Generations later, the people scoffed at the tale of the spider, and the spider came to be released. Again it was captured and imprisoned, and care was taken that it should not be released again. Thus the grandfather's tale serves to remind the villagers of their blessings, and that God is watching — and that the devil is, too.
A simple-enough pact-with-the-devil story, right?
The first creep factor to set me off was the mention of the "Swabian." It's a term I wasn't familiar with before reading Roberto Bolaño's 2666. and now every mention of Swabia, the region or its people, invokes for me the horror of 2666.
It turns out that there's a little something more to the connection.

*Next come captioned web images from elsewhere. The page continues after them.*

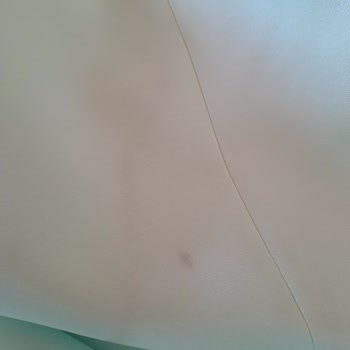 Kusurlu Elbiseler Ve İade Talebi 3.000 TL Geri Ödeme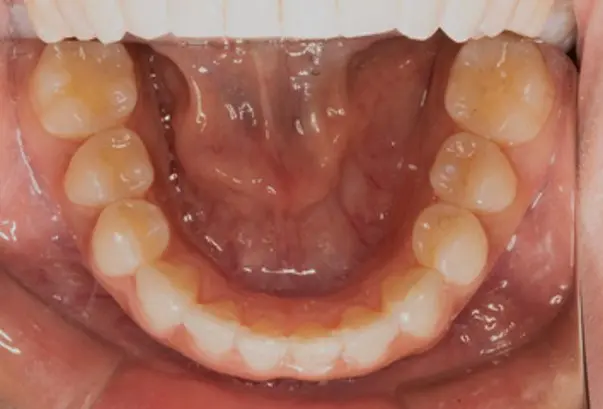 After successful crowding correction treatment at Emerald City Orthodontics in Kirkland, WA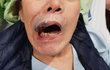 거동도 못하시는 시아버지를 간병인이 마구 때렸어요..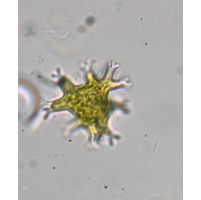 Pseudostaurastrum enorme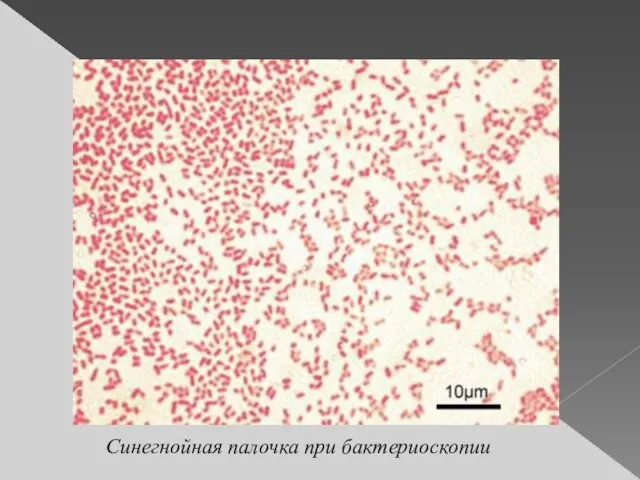 Синегнойная палочка при бактериоскопии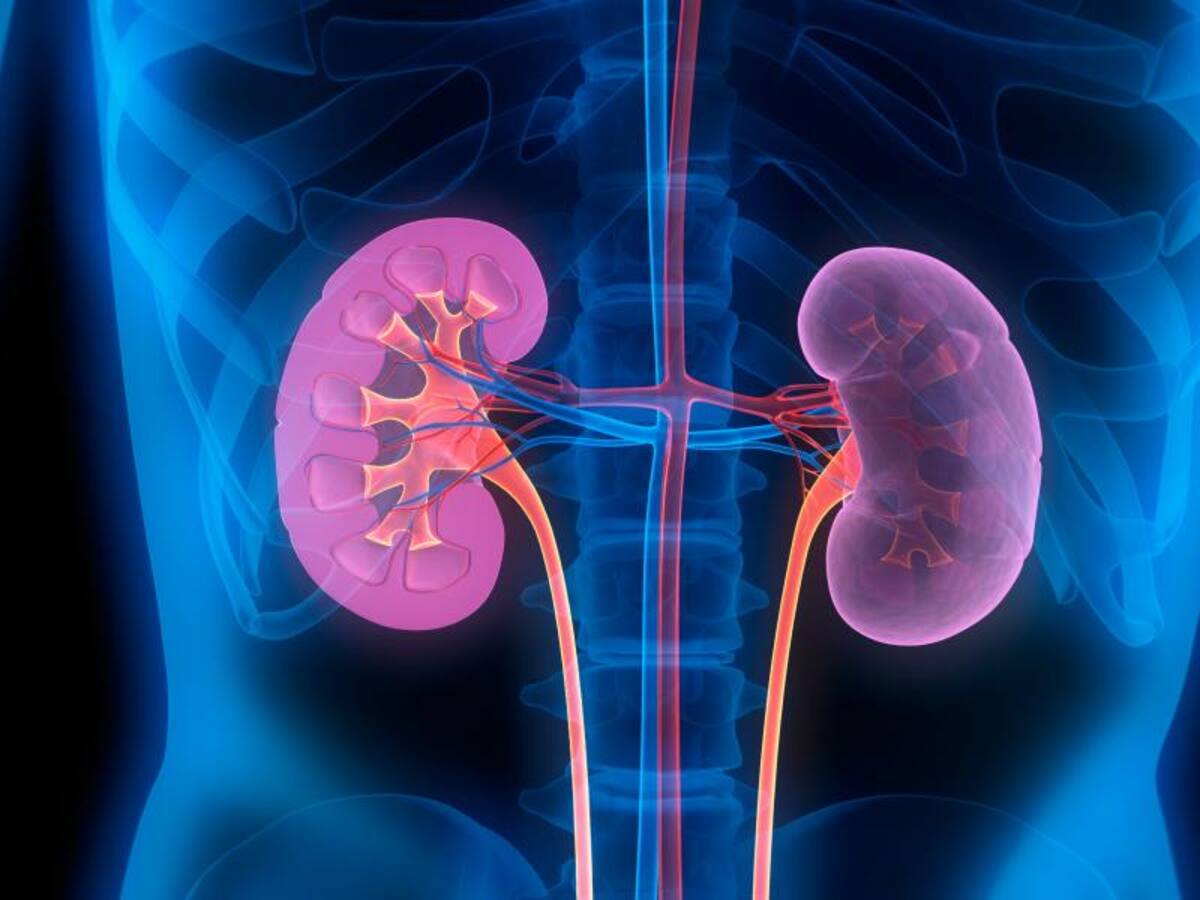 Enfermedad renal crónica: ¿cuáles son sus causas? Señales de riesgo y recomendaciones, según experta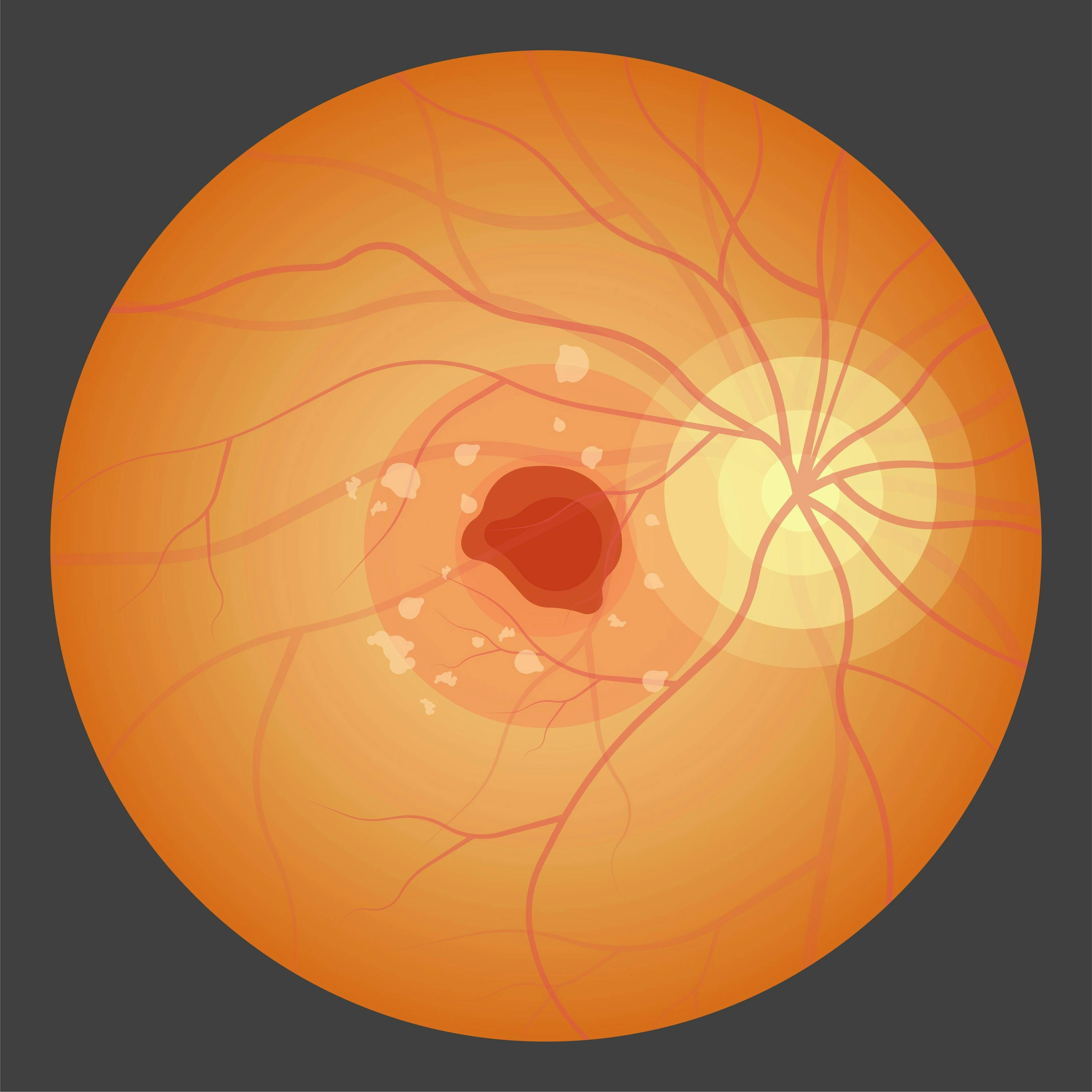 neovascular age-related macular degeneration © pepermpron - stock.adobe.com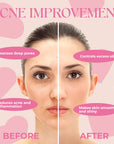 Turmeric Foaming Facial Cleanser Turmeric & Kojic Acid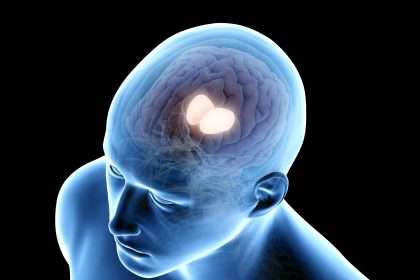 Deep Brain Stimulation Targeting The Thalamus Improves Cognition In Brain Injured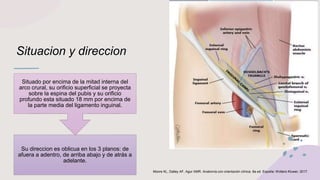 Situacion y direccion
Su direccion es oblicua en los 3 planos: de
afuera a adentro, de arriba abajo y de atrás a
adelante.
Situado por encima de la mitad interna del
arco crural, su orificio superficial se proyecta
sobre la espina del pubis y su orificio
profundo esta situado 18 mm por encima de
la parte media del ligamento inguinal.
Moore KL, Dalley AF, Agur AMR. Anatomía con orientación clínica. 8a ed. España: Wolters Kluwer; 2017.
 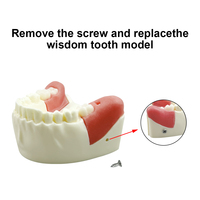 Modelo de Práctica para Extracción de Dientes Impactados, Modelo Oral Simulado con Diente Impactado Removible y Base Desmontable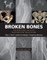 Broken Bones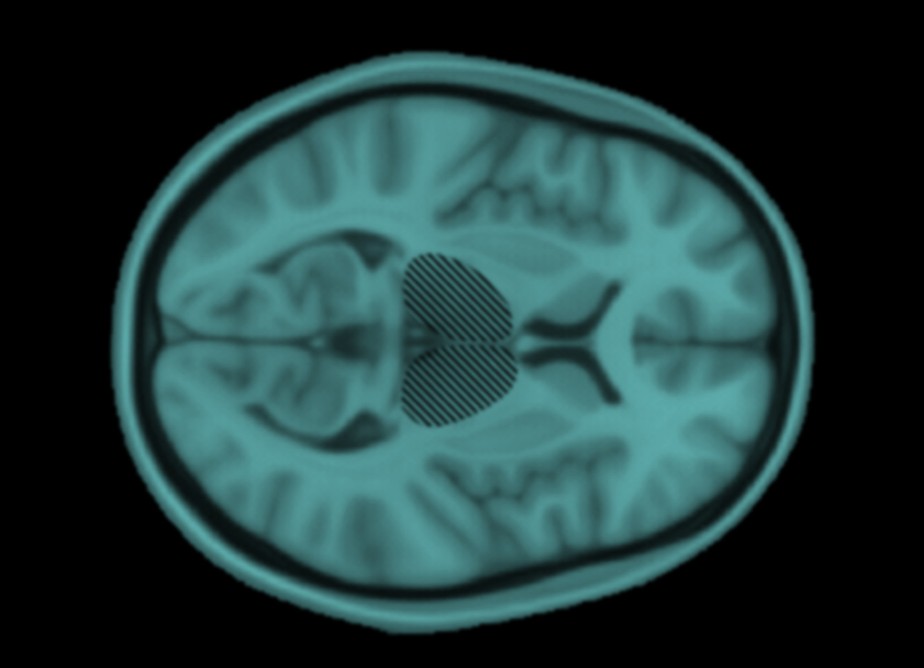 O tálamo (hachurado), estrutura do cérebro envolvida na integração de sentidos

In the first section of 2666, The Part About the Critics, one of the critics has written a couple papers on Archimboldi, including one:
on the various guises of conscience and guilt in Lethaea, on the surface an erotic novel, and in Bitzius, a novel less than one hundred pages long, similar in some ways to Mitzi's Treasure, the book that Pelletier had found in an old Munich bookstore, and that told the story of the life of Albert Bitzius, pastor of Lützelflüh, in the canton of Bern, an author of sermons as well as a writer under the pseudonym Jeremiah Gotthelf.
Clearly Bolaño was familiar with Gotthelf, and that being the case, he was undoubtedly aware of (and likely read) the book considered to be his masterpiece: The Black Spider. Bolaño's influences were notoriously wide and varied, and I don't doubt Gotthelf (and specifically The Black Spider) was among them. (While it is fairly unknown among English readers, the story does seem to have cult following in German, and quite possibly other languages. Witness this rendering in Warcraft.)

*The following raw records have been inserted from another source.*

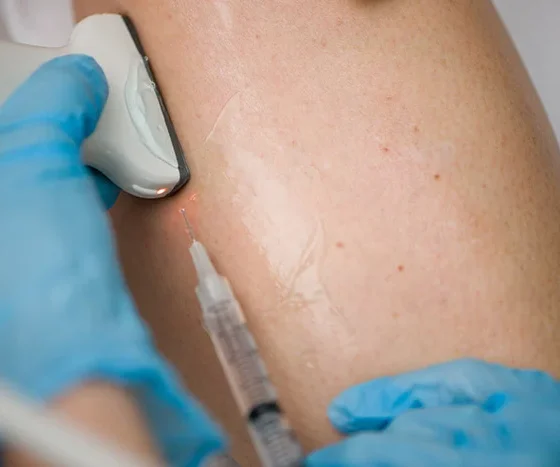 The Connection Between Lifestyle and Varicose Veins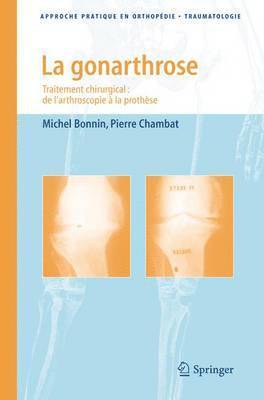 Michel Bonnin, Pierre Chambat - Gonarthrose, Häftad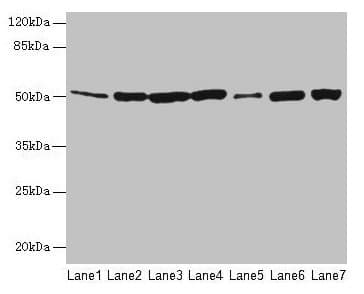 FH / Fumarase / MCL Antibody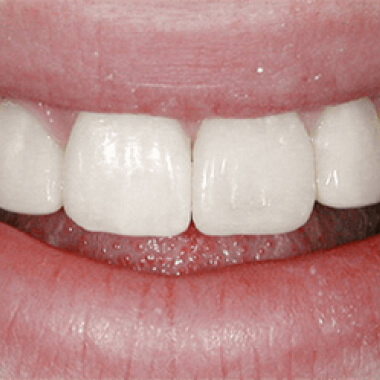 Реставрация зубов после, фото Евродент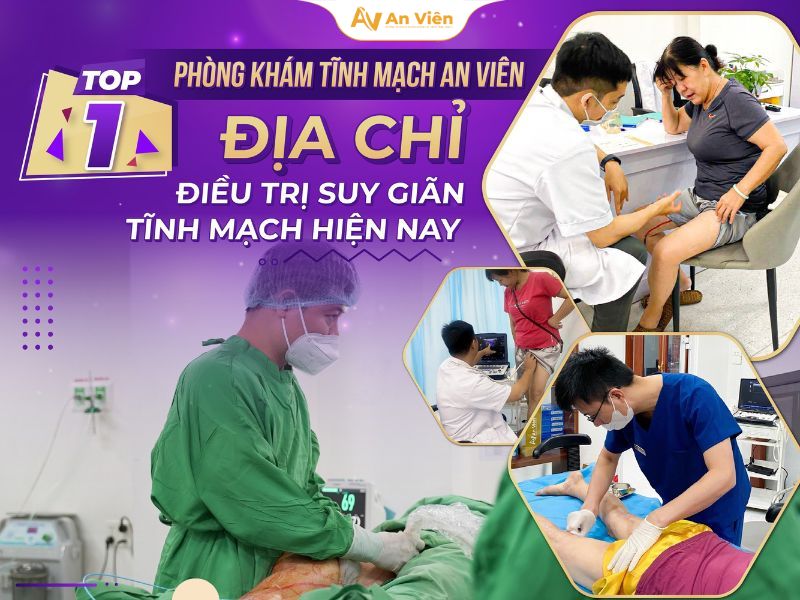 Cách ngâm chân cho người giãn tĩnh mạch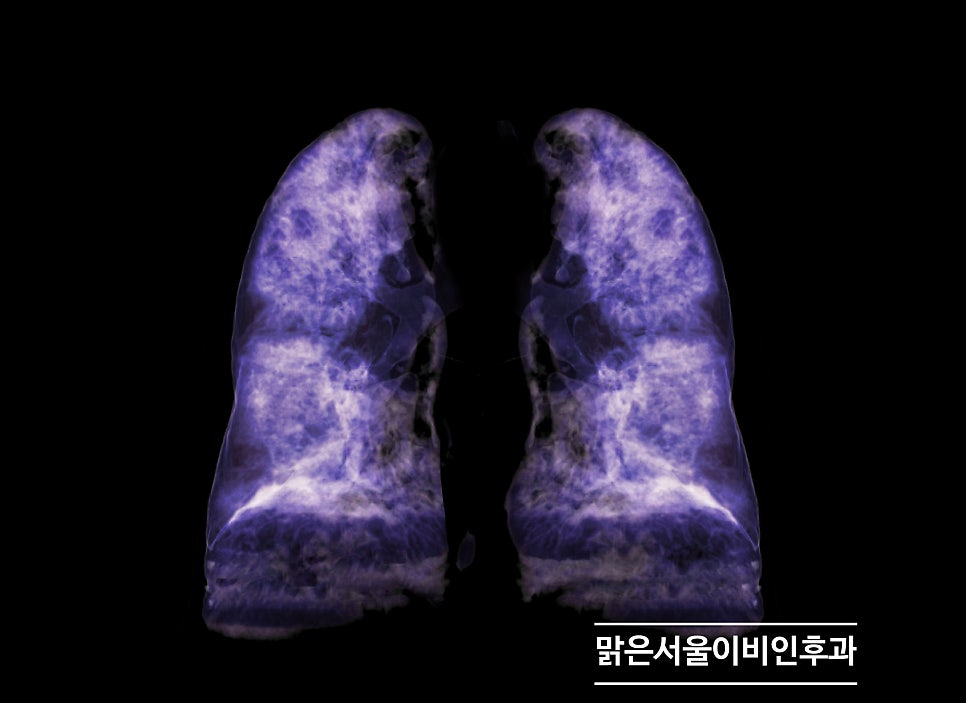 실내 공기질을 관리해야 호흡기 질환 예방! [노원이비인후과]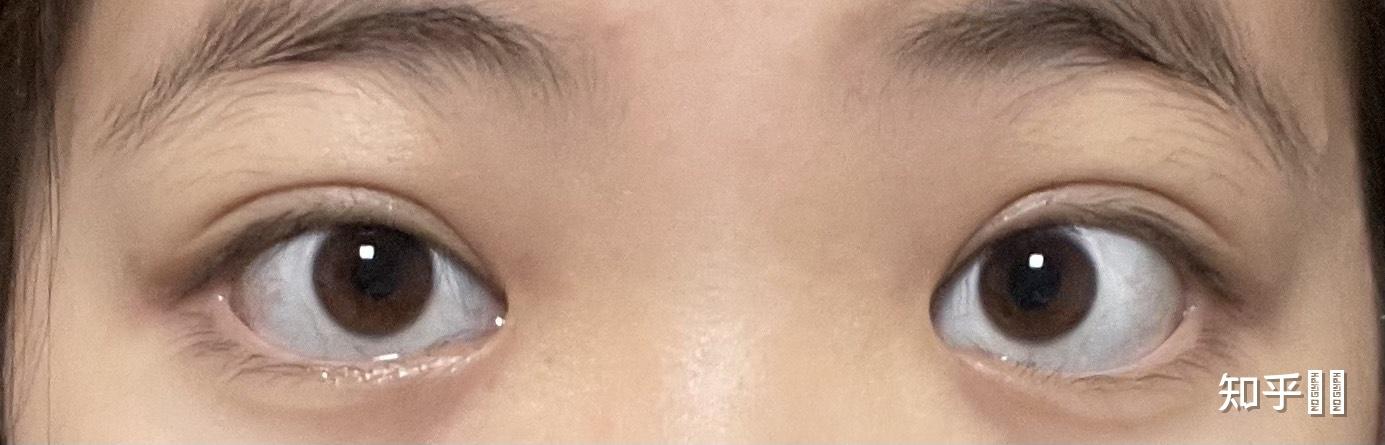 瞳孔很小,眼眶却很大,戴不戴美瞳区别很大,即将订婚了怕未来老公看到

It seems to me that The Black Spider and 2666 share a kind of insidious evil, that at times is embodied within an individual, sometimes pervades the collective social conscience, is part of the natural order of things, and at other times takes on cosmic proportions. It's Evil with a capital E, the likes of which not many novels can grapple with subtly and successfully (by which I mean they are not laughable allegories).
The second creep factor concerns the nature of the contract. The devil asks for an unbaptized child, and the villagers agree. It is not a contract concerning a particular child, or a particular mother-to-be. The child whose soul is at stake is not yet born, let alone consulted. The particular parents also are ignorant, though it may be argued that as villagers they have been complicit in the deal.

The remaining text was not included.